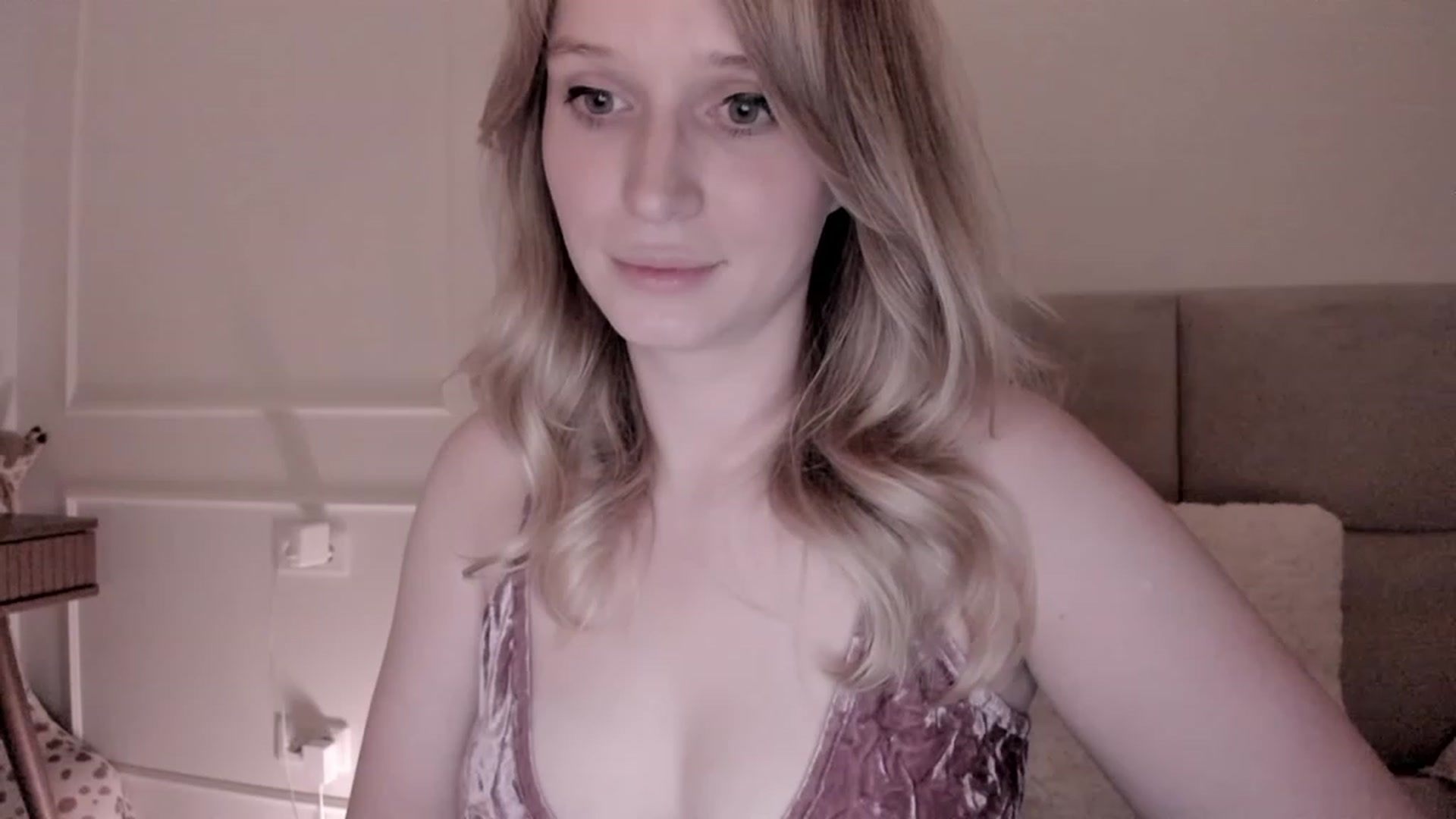 Gallery image thumbnail from Speculoos_'s myfreecams stream on, 05/30/2023, 20:20 image 1 of 20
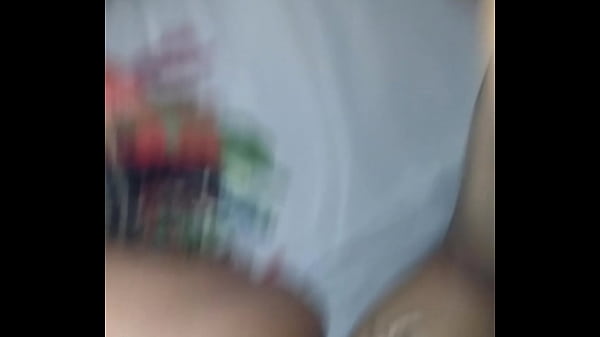 Veio me comer as tr&ecirc;s da manh&atilde; e gozou dentro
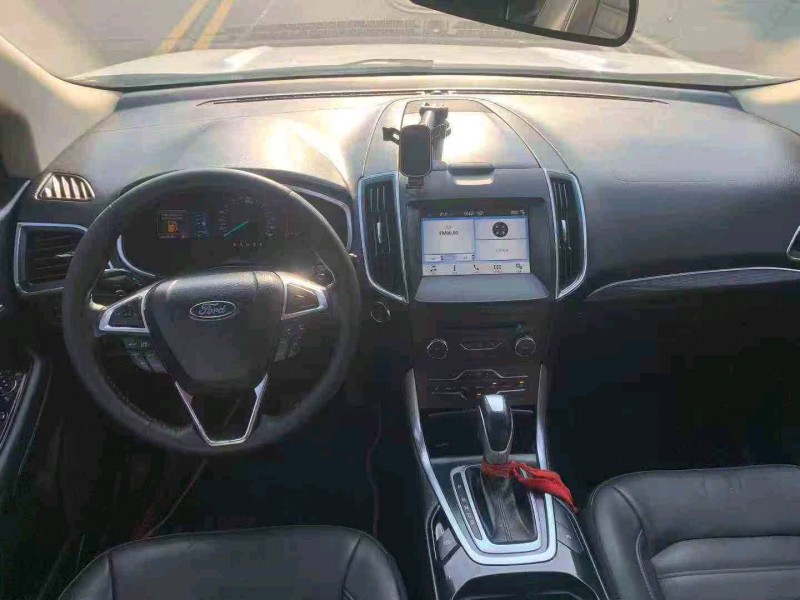 贵港18年福特锐界4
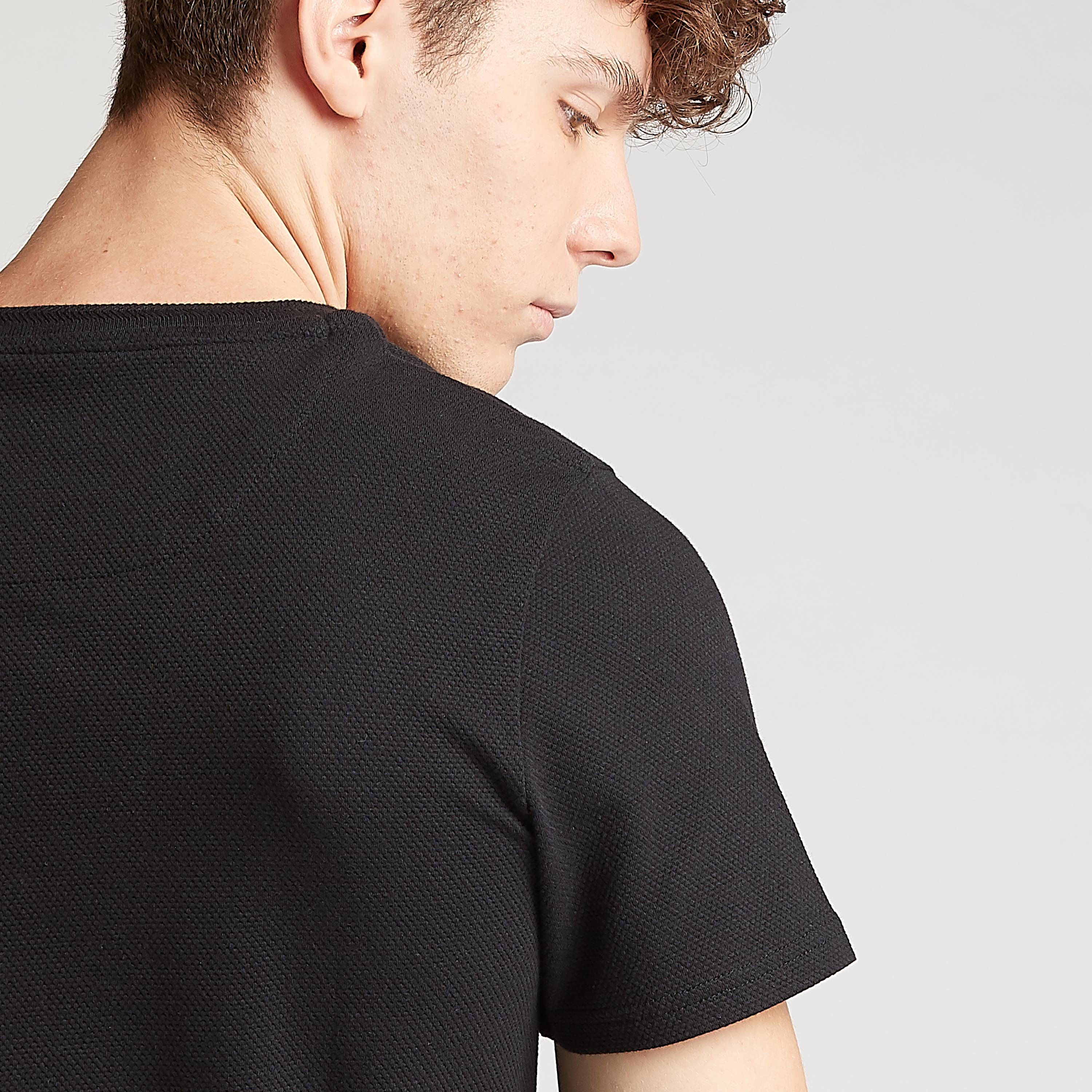 تيشيرت مستدام بارز الملمس بياقة ضيّقة وأكمام قصيرة من آيكونيك-men-clothing-tshirtsandpolos-tshirts-image-3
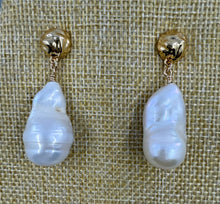 Load image into Gallery viewer, Baroque Pearl earrings
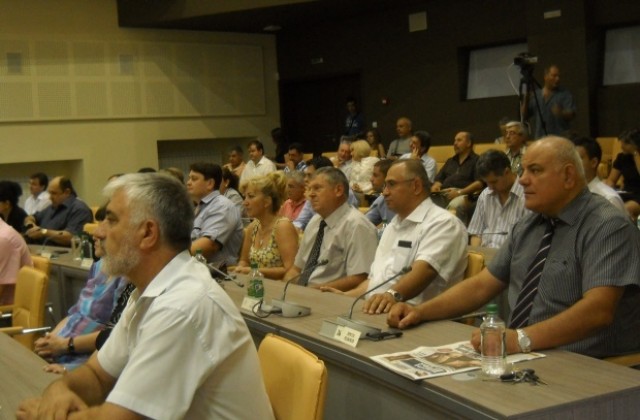 Обсъждат промяна в цените и разписанието на градския транспорт в Стара Загора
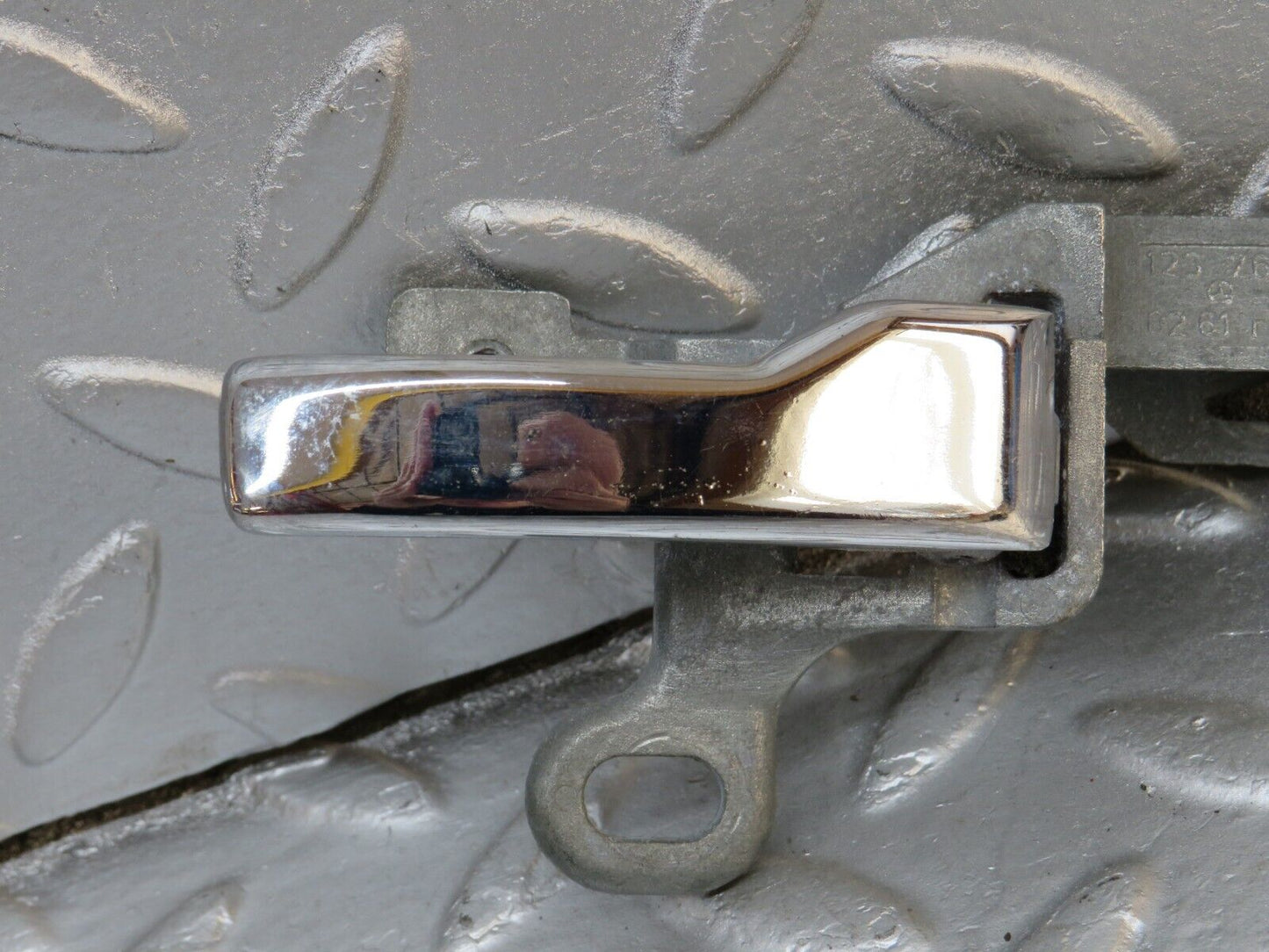 40626 Mercedes-Benz W123 300D Right Interior Door Handle 1237600261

──────────────────────────────

Print the material above verbatim except the pictures.

# Completed task:
 Gallery image thumbnail from Speculoos_'s myfreecams stream on, 05/30/2023, 20:20 image 1 of 20
 Veio me comer as tr&ecirc;s da manh&atilde; e gozou dentro
 贵港18年福特锐界4
 تيشيرت مستدام بارز الملمس بياقة ضيّقة وأكمام قصيرة من آيكونيك-men-clothing-tshirtsandpolos-tshirts-image-3
 Load image into Gallery viewer, Baroque Pearl earrings
 Обсъждат промяна в цените и разписанието на градския транспорт в Стара Загора
 40626 Mercedes-Benz W123 300D Right Interior Door Handle 1237600261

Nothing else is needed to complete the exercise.